During my first couple of years in Israel, I used to take my shoes to be repaired by a cobbler on Jerusalem’s Jaffa Road. The lovely old gentleman was born and grew up under the British Mandate for Palestine (1920-1948). When I first told him I was British, far from throwing my shoes back in my face, his eyes lit up as he reminisced, with no little nostalgia, how wonderfully polite the British soldiers were during that period, almost as if wishing them back.
This is not the reaction one would expect from a cold study of the history books. Even if the British could have explained away the 1939 White Paper – severely restricting Jewish immigration to Palestine – as political necessity, the turning back of ships packed with survivors of German death camps smacked of unimaginable cruelty.
But the deferential Israeli attitude to everything British prevails to this day. When the English football team and fans visited Tel Aviv for a European Championship qualifier, in March of last year, the authorities bedecked the Tel Aviv promenade in the flag of St. George, turning it into a Middle Eastern Southend-on-Sea. And the annual British Film Festival, at the Tel Aviv, Jerusalem and Haifa Cinematheques, is more popular than any other.
But there is something more than a little patronising about Britain’s attitude towards Israel. And it defies logic.
Whatever his many detractors in Israel might say about him, no one can deny that President Shimon Peres has devoted much of his life to masterminding the survival of Israel and its citizens, through unremitting wars with Arab neighbours to daring operations like Entebbe (of which he is widely considered to have been the brains). The Queen and Prince Philip, on the other hand, have spent much of theirs gallivanting around the Commonwealth, gazing at natives’ bouncing dangly bits, in one “Bongo-Bongo Land” or another (let’s face it, I’m sure that’s how the wonderfully un-PC Prince would view them) .

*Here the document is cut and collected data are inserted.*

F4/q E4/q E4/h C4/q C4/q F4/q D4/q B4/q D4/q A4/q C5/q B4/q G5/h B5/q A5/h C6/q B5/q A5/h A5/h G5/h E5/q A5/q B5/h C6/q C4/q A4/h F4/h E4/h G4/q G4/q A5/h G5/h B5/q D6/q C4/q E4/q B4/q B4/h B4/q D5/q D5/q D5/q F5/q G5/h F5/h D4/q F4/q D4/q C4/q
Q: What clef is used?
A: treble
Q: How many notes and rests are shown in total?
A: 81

Not a single member of the Royal Family has ever been on an official visit to Israel. During her 56-year reign, the Queen has undertaken over 250 official visits to more than 130 different countries. Her total abstinence from Israel is all the more remarkable when one considers her constitutional role as Head of the Church of England. Has no one ever informed her that some pretty heavy Christian sh*t has gone down here too?
A leaked email exchange between his aides, last year, suggested that Prince Charles – who has visited Israel once (for the funeral of Yitzhak Rabin) – was unlikely to do so again, as Israel might use any such visit to bolster its international image (God forbid). And the heir to the throne did not respond to a fresh invitation, last week, from President Peres – in town to receive an honorary knighthood from the Queen at Buckingham Palace – despite having said that it was his lifelong dream to visit the grave of his grandmother (Prince Philip’s mother), on the Mount of Olives (I suppose that cash flow could be an issue for the Prince, in these recessionary times).
In view, especially, of Britain’s deep, problematic involvement in the history of this Land (the effects of which are still felt here), the Royal reticence towards Israel does the Family a disservice and Israel a dishonour.
With the man’s penchant for international recognition, it was never going to happen, but President Peres should have politely declined this dishonourable knighthood.